I’m about to embark on a three-week road trip working with teams of faciliators to share experiences and develop skills. I now hesitate to call it training especially after reading Harold Jarche’s post – Training Evaluation: a mug’s game. Harold links to this spendidly fierce post by Dan Pontefract a pushback to something called the Kirkpatrick Four Levels™ Evaluation Model.
Anything to do with learning that bears a ™ tends to put me in a critical frame of mind for starters. I find it hard to associate the joy of learning with intellectual property chastity belts. And to be honest I find the presence of ™ correlates fairly positively with banality.
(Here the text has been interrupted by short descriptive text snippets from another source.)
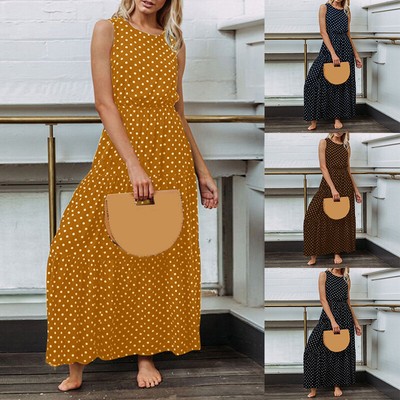 Womens Sleeveless Polka Dot Dress 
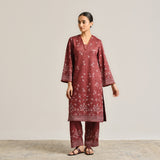 Maroon Contemporary Woollen Kurta with Lace Detail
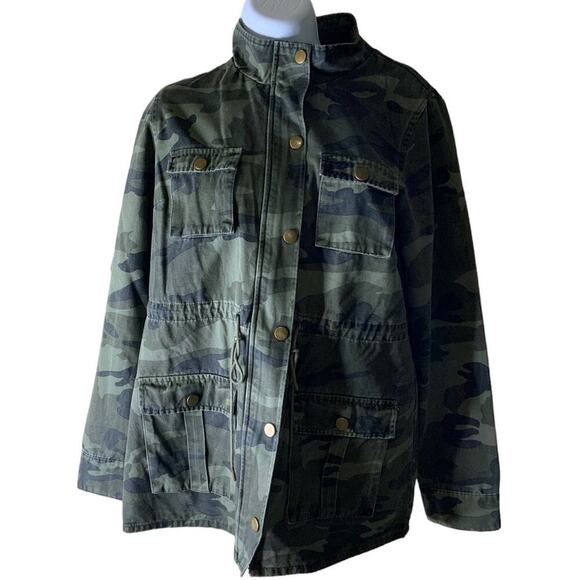 41 Hawthorn Camo Jacket Women Size Medium Zip Snap Long Sleeve Drawstring Waist - Picture 3 of 9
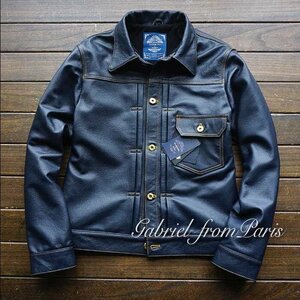 18万■レア 新作 Gabriel 牛革 インディゴ 最上級ナッパ革 Gジャンライダース レザージャケットUNION MADE 506 Type /40/XL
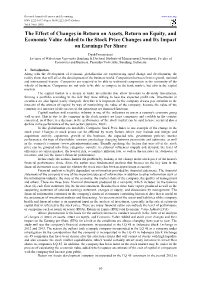 The Effect of Changes in Return on Assets, Return on Equity, and Economic Value Added to the Stock Price Changes and Its Impact on Earnings Per Share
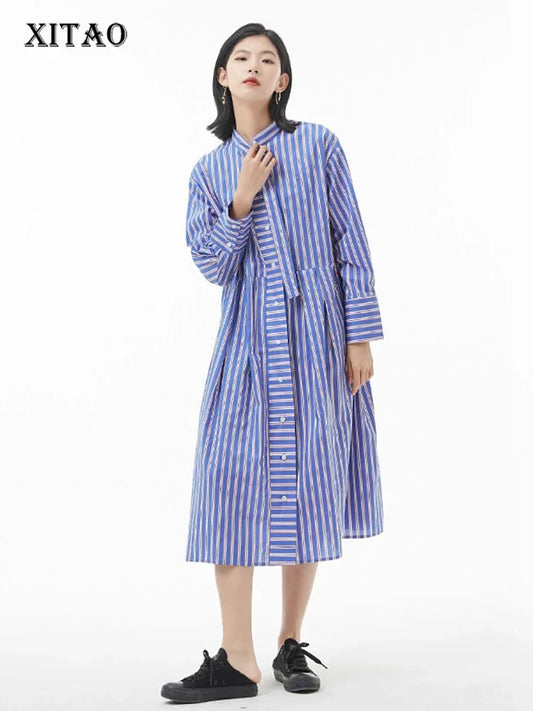 XITAO Striped Dress Fashion Single Breast Full Sleeve Elegant Patchwork Small Fresh Casual Style Loose 2024 Dress WMD4844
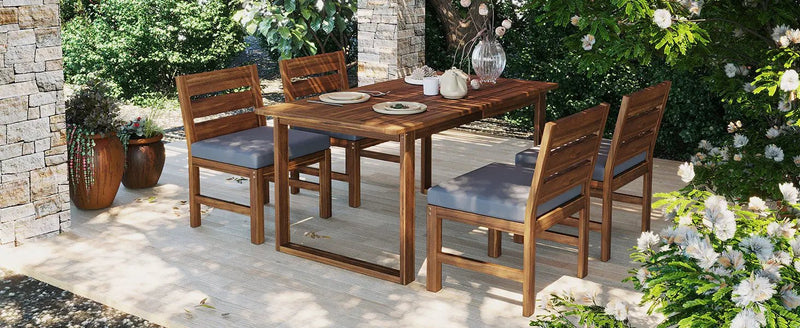 U_STYLE Farmhouse 5-Piece Outdoor Patio Dining Set with Adjustable Legs by HouseOfZazla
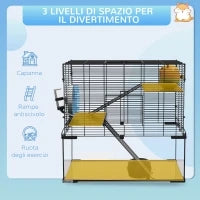 Gabbia per Criceti a 3 Livelli con Ruota, Rampe e Fondo Rimovibile, 60x40x57cm, Nero
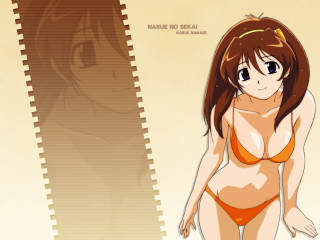 Cartoon woman bikini anime eizan - sōsaku hanga free wallpaper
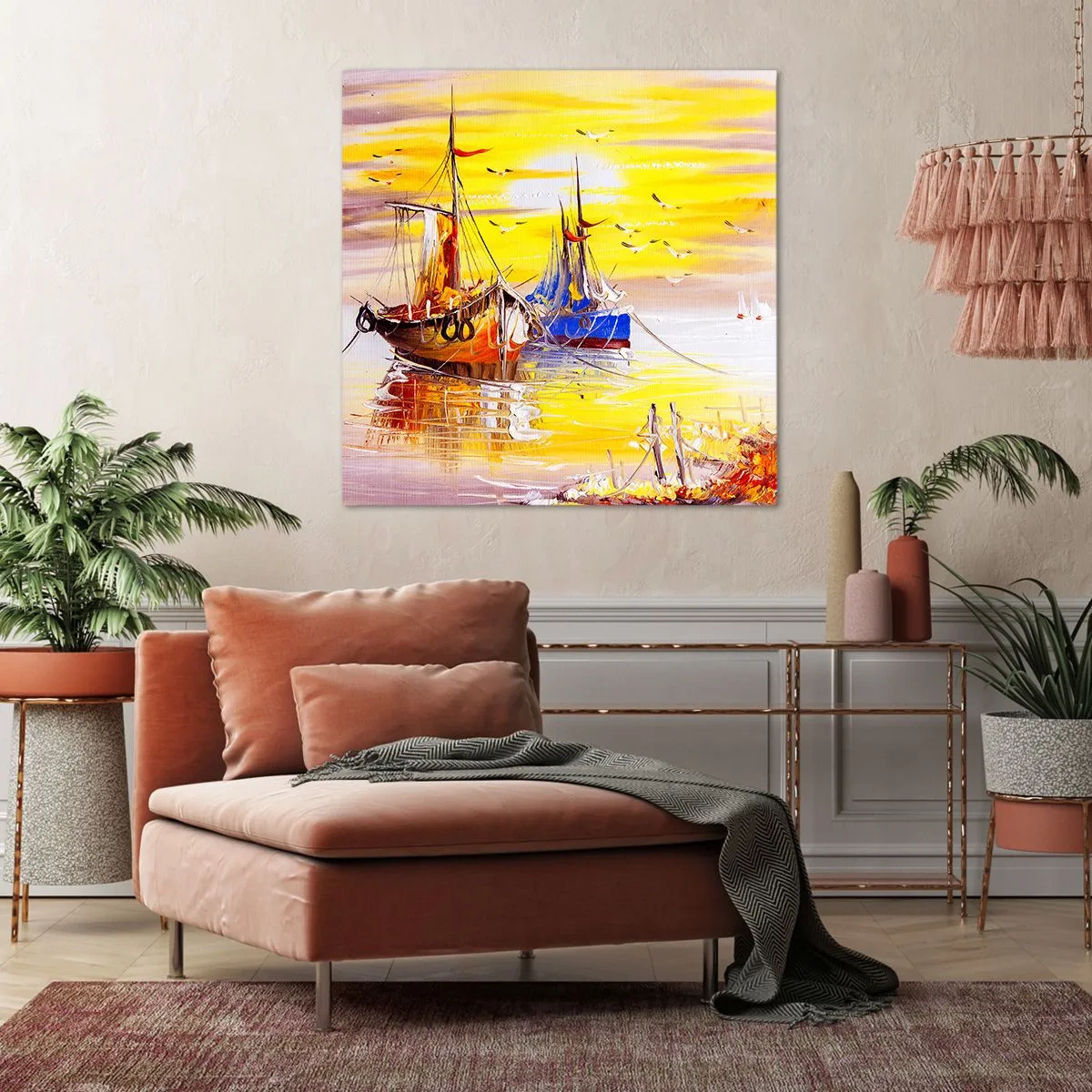 Quadro su tela - Stampe su Tela - Meritato riposo nel porto - 30x30 cm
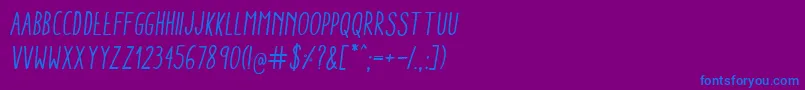 AracneCondensedRegularItalic Font – Blue Fonts on Purple Background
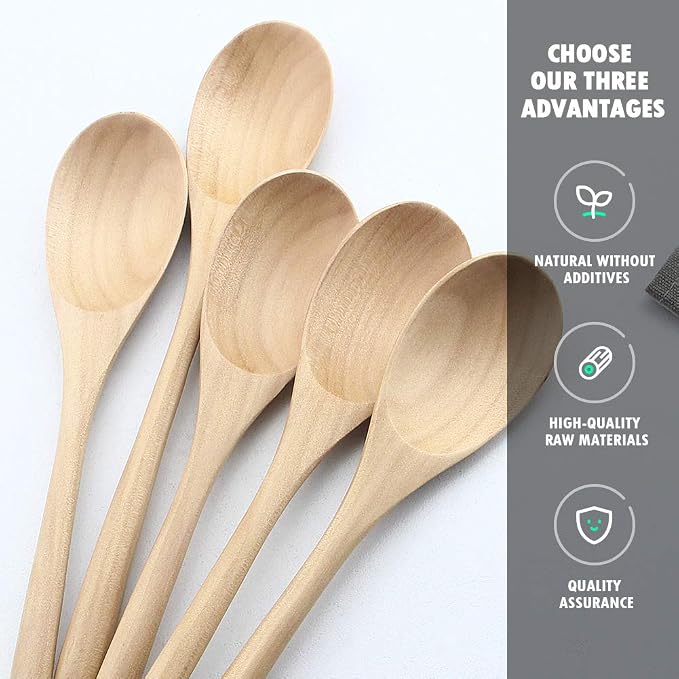 AOOSY Wooden Spoons for Cooking, 9 Inches 6 Pieces Japanese Natural Ellipse - Image 9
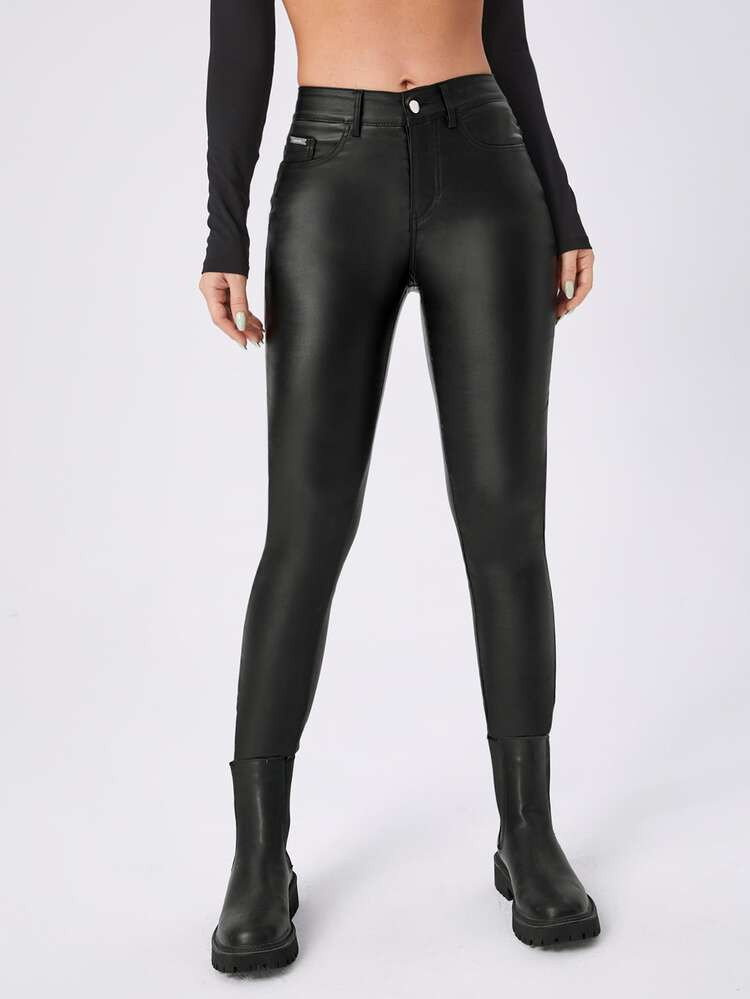 Leather Look Metal Detail Tapered Jeans | SHEIN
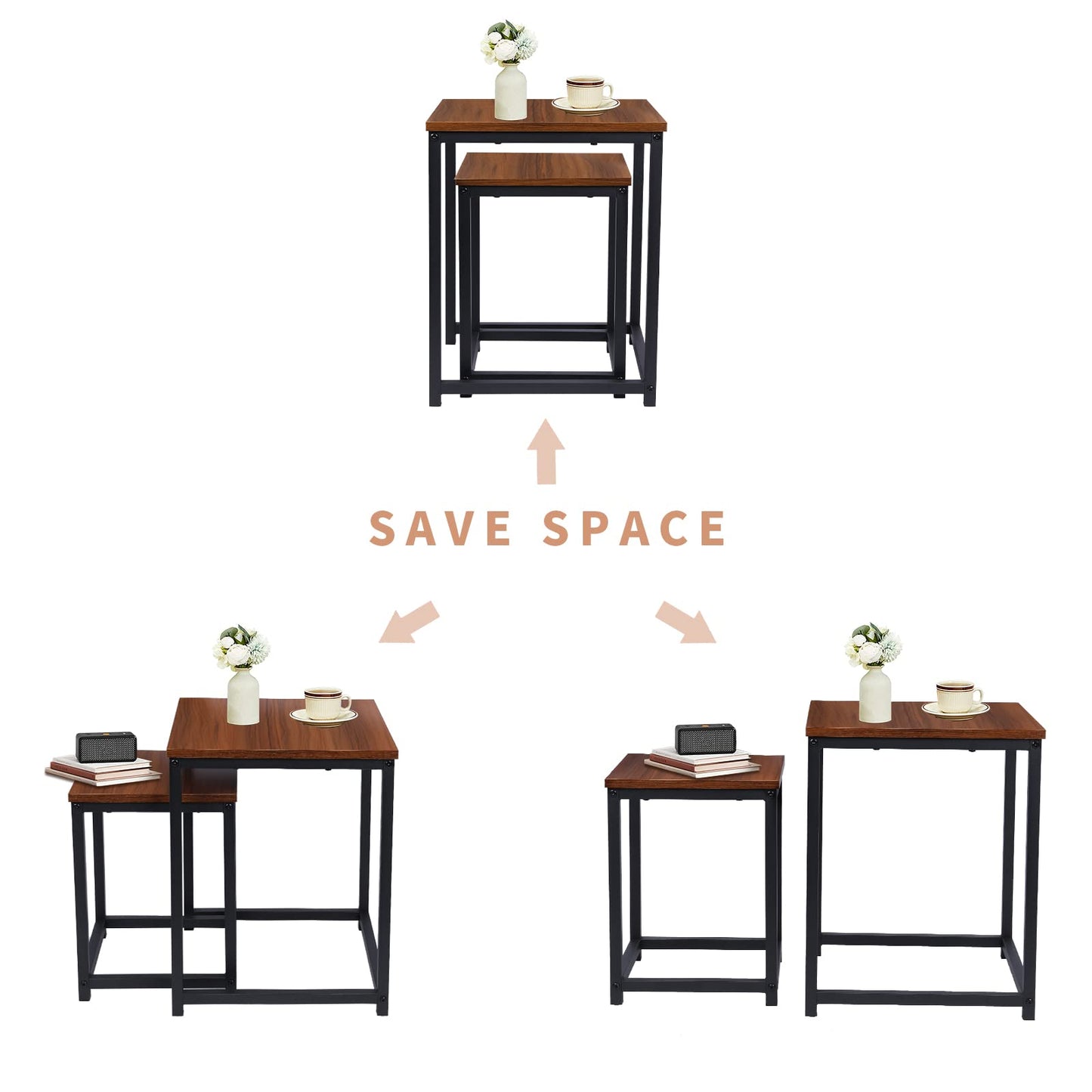 Vipush Nesting Tables Coffee Table Set of 2 - End Tables Living Room Small Side Tables Modern Farmhouse Sturdy Metal Frame Wood Desk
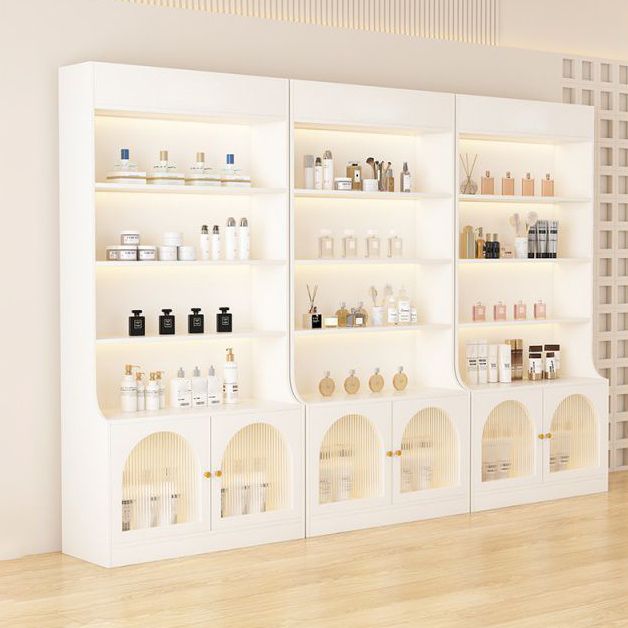 Fitted Detached Ground Display Stand in Wood with 5 Shelves, Locker and Open-air Storage in a Trendy Style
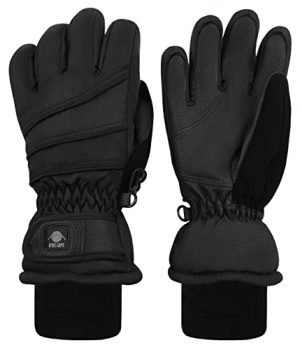 N'Ice Caps Kids Thinsulate Waterproof Warm Winter Snow Ski Gloves (Black 1, 10-12 Years)
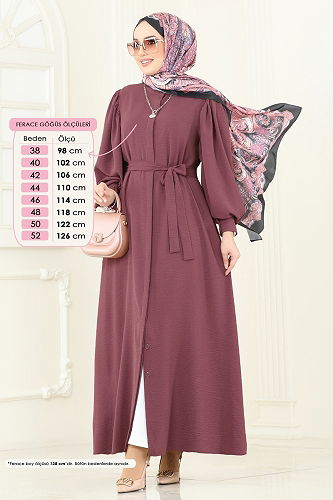 moda selvim Abaya 1721S324 Dark Rose Dusky - Thumbnail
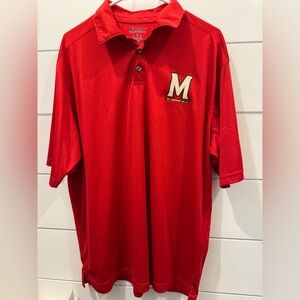University of Maryland Red Golf Shirt with Embroidered M Logo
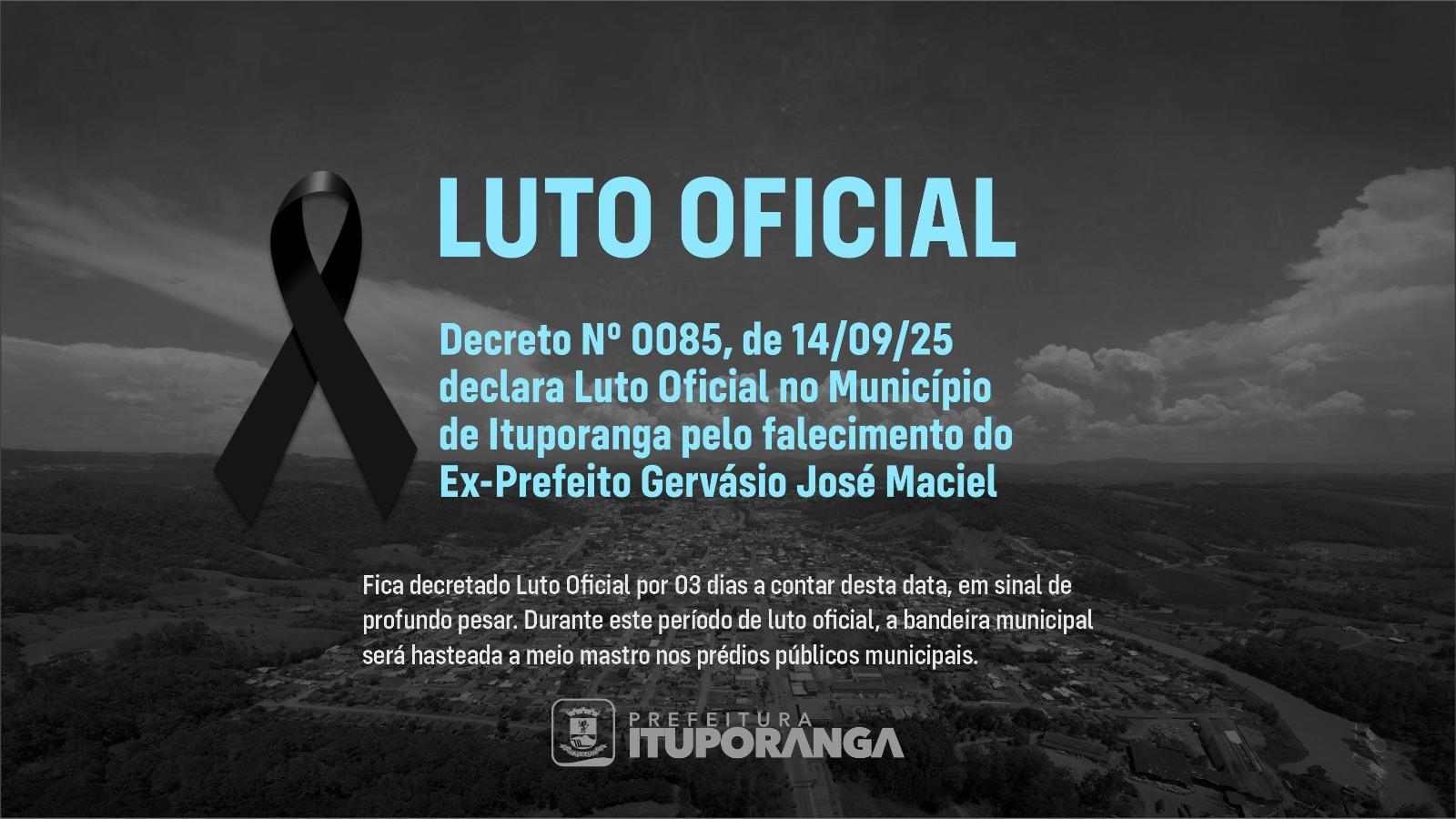 Prefeitura de Ituporanga decreta luto oficial pela morte do ex-prefeito Gervásio José Maciel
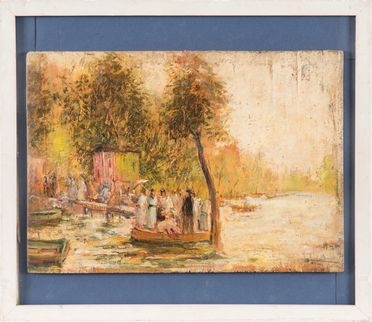  Pierre Auguste Renoir  (Limoges, 1841 - Cagnes, 1919) [attribuito a] : Bozzetto per La grenouillère.  - Asta Libri & Grafica - Libreria Antiquaria Gonnelli - Casa d'Aste - Gonnelli Casa d'Aste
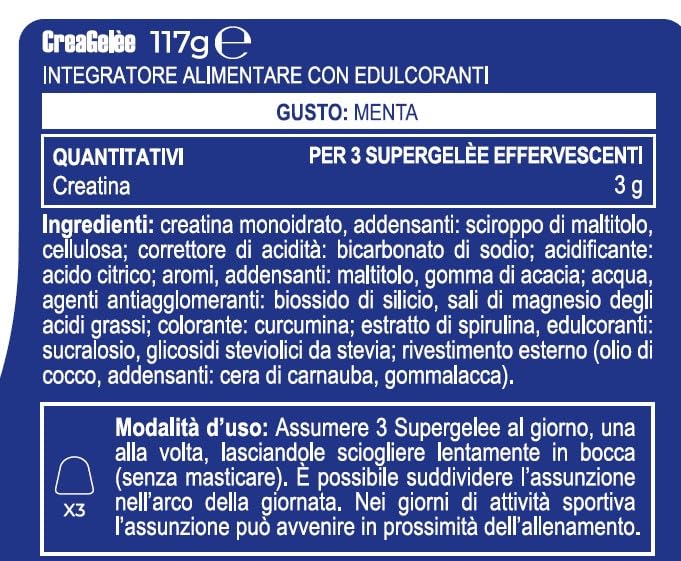 Yamamoto Creatina CreaGelèe creatina monoidrato 90 supergelèe menta effervescente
Echoing Dan, I feel rather miserable reading statements like this:
any successful initiative starts with a clear definition of the desired outcomes.
It’s management speak and it’s a wild overclaim for a world of complexity and the unexpected.
Both Dan and Harold argue for a far more social way of understanding how learning happens in organisations.
I can understand why management feels pressure to prove some return on investment, but this is a game with unintended consequences. The pressure is on participants to establish they have been “good” learners by affecting to have taken delivery of profound “outcomes” whether they have or haven’t. It puts learners in a childlike position vis-a-vis the training which results in either good boy (thank you, mummy, for that valuable lesson) or bad boy (delete your own expletive) behaviour in response. We end up in the same world as that I talk about in this post on commitment ceremonies.
Learning is not a FedEx package that you sign for at the door. Learning happens on its own schedule. We often realise the significance of events long after their original impact, and may actually continue to revise what we think the lesson is as our lives unfold.
I can see that for some training you might well want to set practical tests and evaluations. But for soft skills, I would put much more emphasis on supporting peer-to-peer sharing and support. Reducing things to models may comfort management that it’s doing something but easily gets in the way of people’s intrinsic desire to learn and to socialise.